- Problem to work on -
Would you please return only the lines from the one with "Inspiration And Hard Work Hoodie" through the last line of the records below, leaving the pictures out?

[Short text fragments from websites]
□ □ □ □ □ □ □
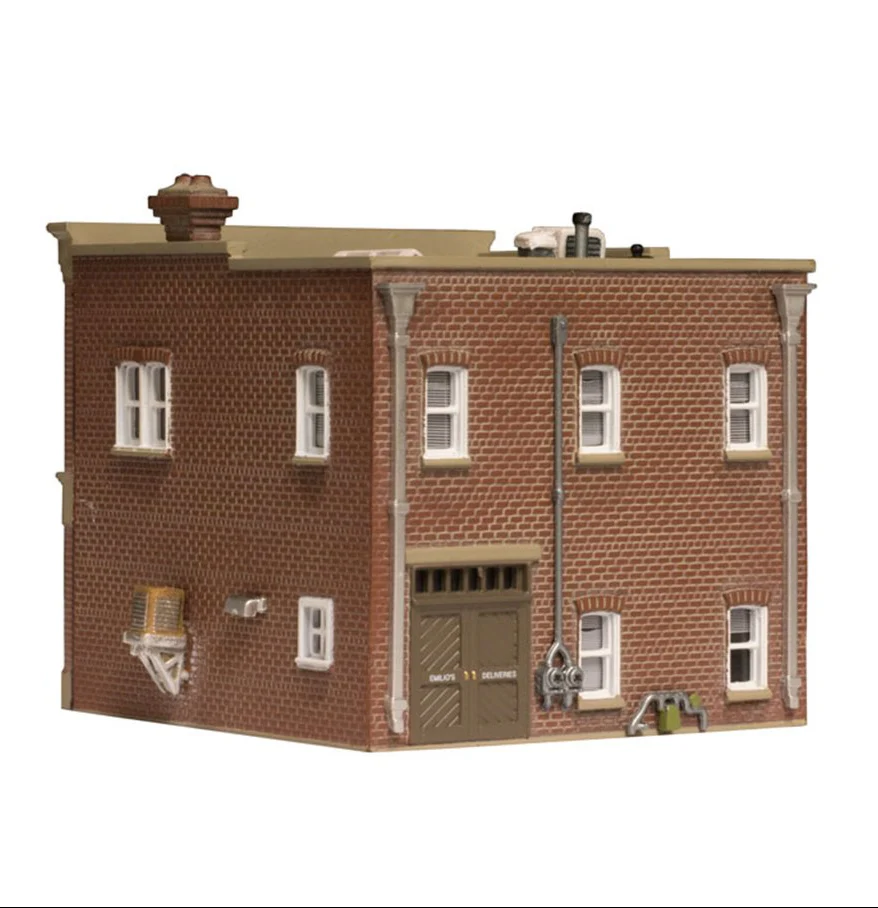 WBR4945 BR4945 Woodland Scenics - N Gauge Buildings - Emilio's Italian Restaurant - Image 3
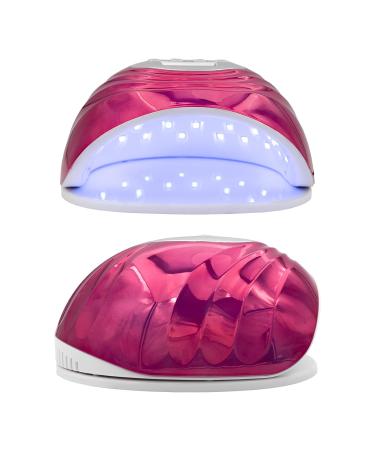 Buy 86W LED Nail Dryer Lamp - Professional UV Lamp with Sensor & LCD Display for Gel Nails - 4 Timer Settings - Perfect for Fingernail & Toenail Design (Pink) - Fast International Shipping - Buy Online on GoSupps.com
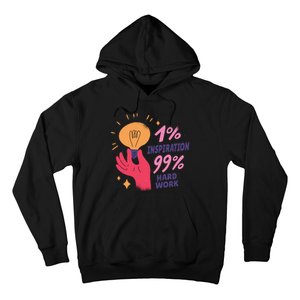 Inspiration And Hard Work Hoodie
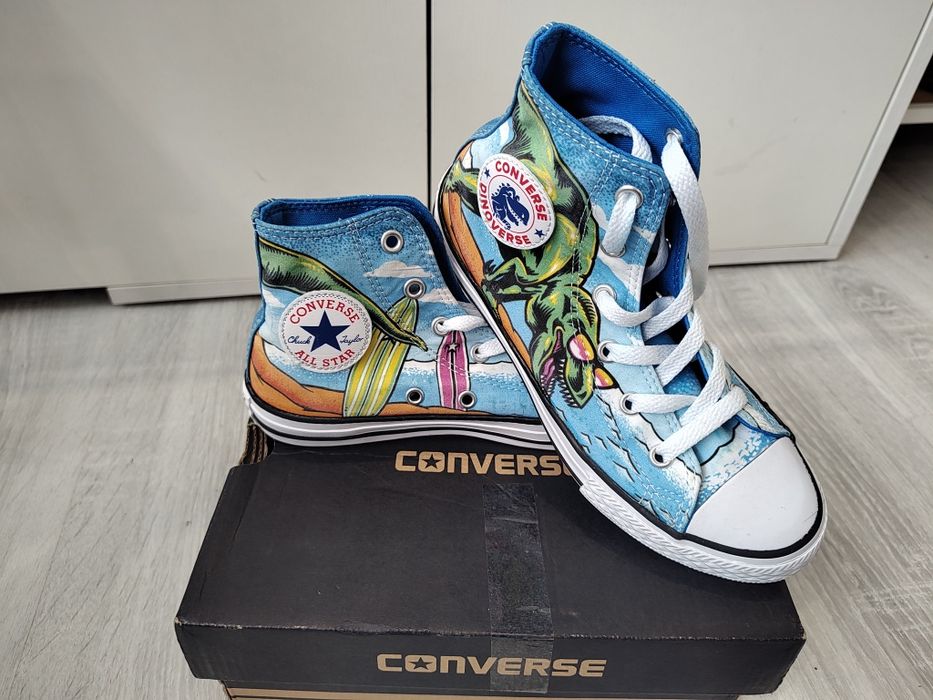 Детски кецове Converse Dinoverse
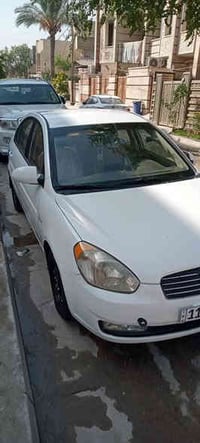 اكسنت خليجي 2009 مكينه 1600 كير مكينه مكفولات  تبريد 🥶 تايرات باتري جد...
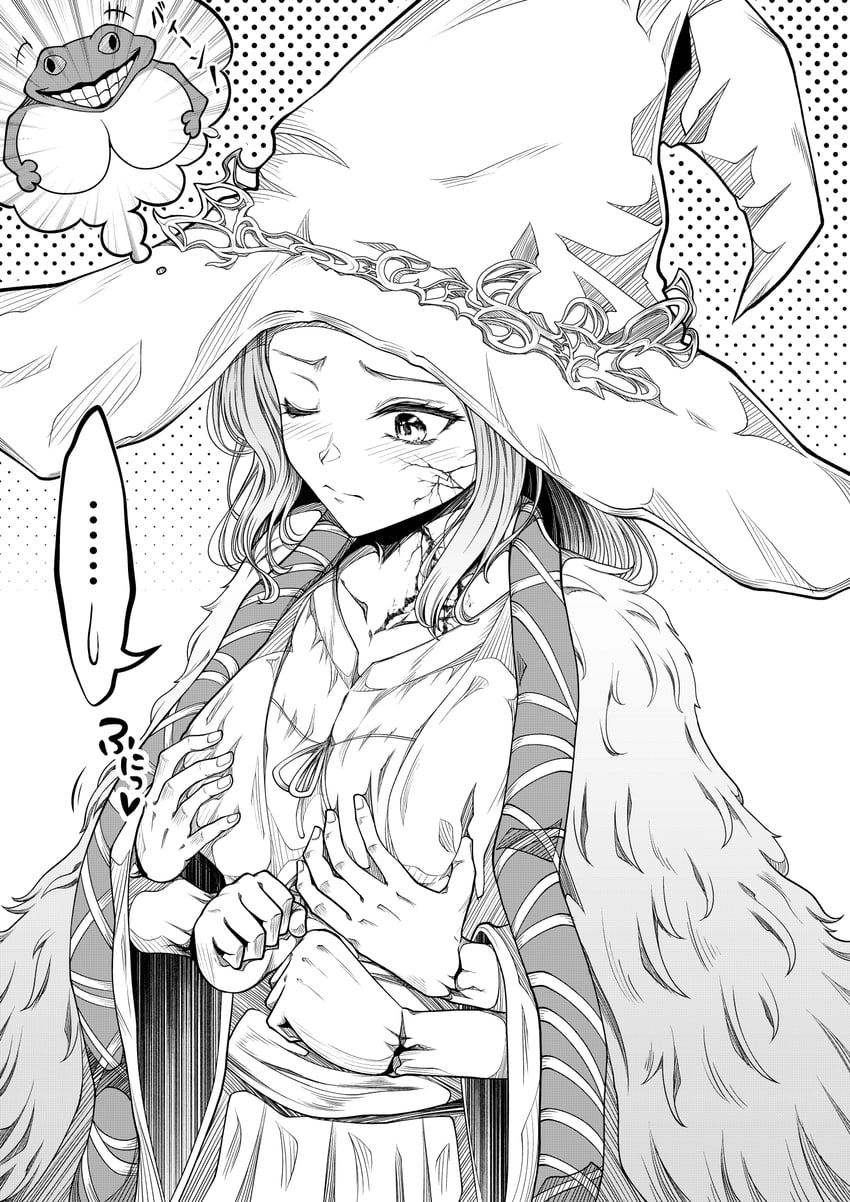 ranni the witch (elden ring and 1 more) drawn by aibumi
□ □ □ □ □ □ □
- Answer to this exercise -
 Inspiration And Hard Work Hoodie
 Детски кецове Converse Dinoverse
 اكسنت خليجي 2009 مكينه 1600 كير مكينه مكفولات  تبريد 🥶 تايرات باتري جد...
 ranni the witch (elden ring and 1 more) drawn by aibumi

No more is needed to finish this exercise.